20 kV electrons can produce X-rays with a minimum wavelength of

• A. 0.248 Å
• B. 0.41 Å
• C. 0.099 nm
• D. 0.062 nm

Hint:

The shortcut formula \(\lambda (\text{nm}) \approx 1240/E(\text{eV})\) is extremely useful for problems involving photon energy and wavelength and is worth memorizing for competitive exams. Be mindful of the units (nm for 1240, Å for 12400).

Answer 1

The Correct Option is D

Step 1: Understanding the Concept:
The production of X-rays in an X-ray tube involves accelerating electrons through a high potential difference and making them strike a metal target. The minimum wavelength (or maximum frequency) of the produced X-rays corresponds to the scenario where an electron loses all its kinetic energy in a single collision, converting it into a single X-ray photon.
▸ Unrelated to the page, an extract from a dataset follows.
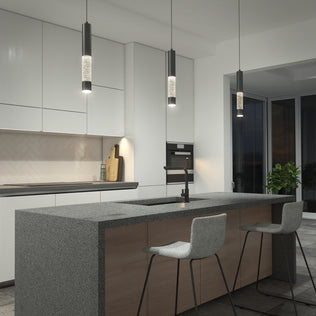 Modern kitchen with a gray stone island, two bar stools, built-in cabinets, a built-in oven, a sink with a black faucet, a plant near large windows, and Mist LED pendant lights by Artika hanging above.
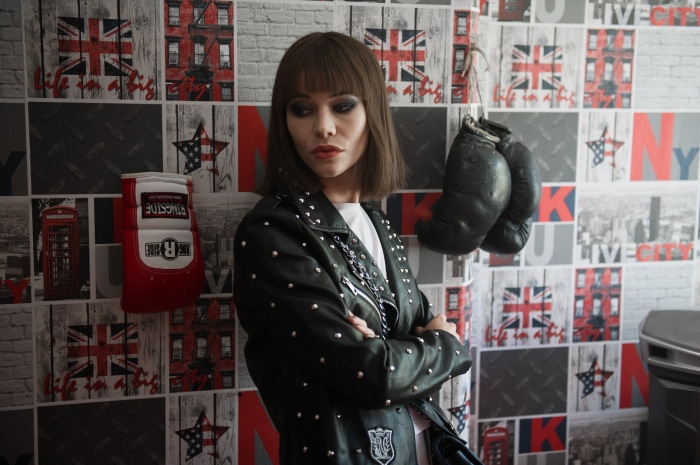 Woman in studded leather jacket with boxing gloves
This is related to the cutoff wavelength of the continuous X-ray spectrum.
Step 2: Key Formula or Approach:
The kinetic energy (\(K\)) gained by an electron accelerated through a potential difference \(V\) is \(K = eV\).
The energy (\(E\)) of a photon of wavelength \(\lambda\) is \(E = \frac{hc}{\lambda}\).
For the minimum wavelength (\(\lambda_{min}\)), the maximum possible photon energy is equal to the electron's kinetic energy:
\[ eV = \frac{hc}{\lambda_{min}} \] Rearranging for \(\lambda_{min}\):
\[ \lambda_{min} = \frac{hc}{eV} \] A very useful approximation for calculations is:
\[ \lambda_{min} \approx \frac{1240 \text{ eV}\cdot\text{nm}}{e \cdot V} = \frac{1240}{V} \text{ nm} \] where V is the potential difference in Volts.
Step 3: Detailed Explanation:
Given values:
- Accelerating potential, \(V = 20 \text{ kV} = 20 \times 10^3 \text{ V}\).
Using the shortcut formula:
\[ \lambda_{min} (\text{in nm}) = \frac{1240}{V (\text{in Volts})} \] \[ \lambda_{min} = \frac{1240}{20 \times 10^3} = \frac{124}{2 \times 10^3} = \frac{62}{1000} = 0.062 \text{ nm} \] Let's check the answer in Angstroms (Å) as well, since some options are in Å. (1 nm = 10 Å).
\[ \lambda_{min} (\text{in Å}) = \frac{12400}{V (\text{in Volts})} = \frac{12400}{20000} = \frac{124}{200} = 0.62 \text{ Å} \] Comparing our result with the options:
- (A) 0.248 Å
- (B) 0.41 Å
- (C) 0.099 nm
- (D) 0.062 nm
Our calculated value matches option (D).
Step 4: Final Answer:
The minimum wavelength of the X-rays produced is 0.062 nm. Therefore, option (D) is correct.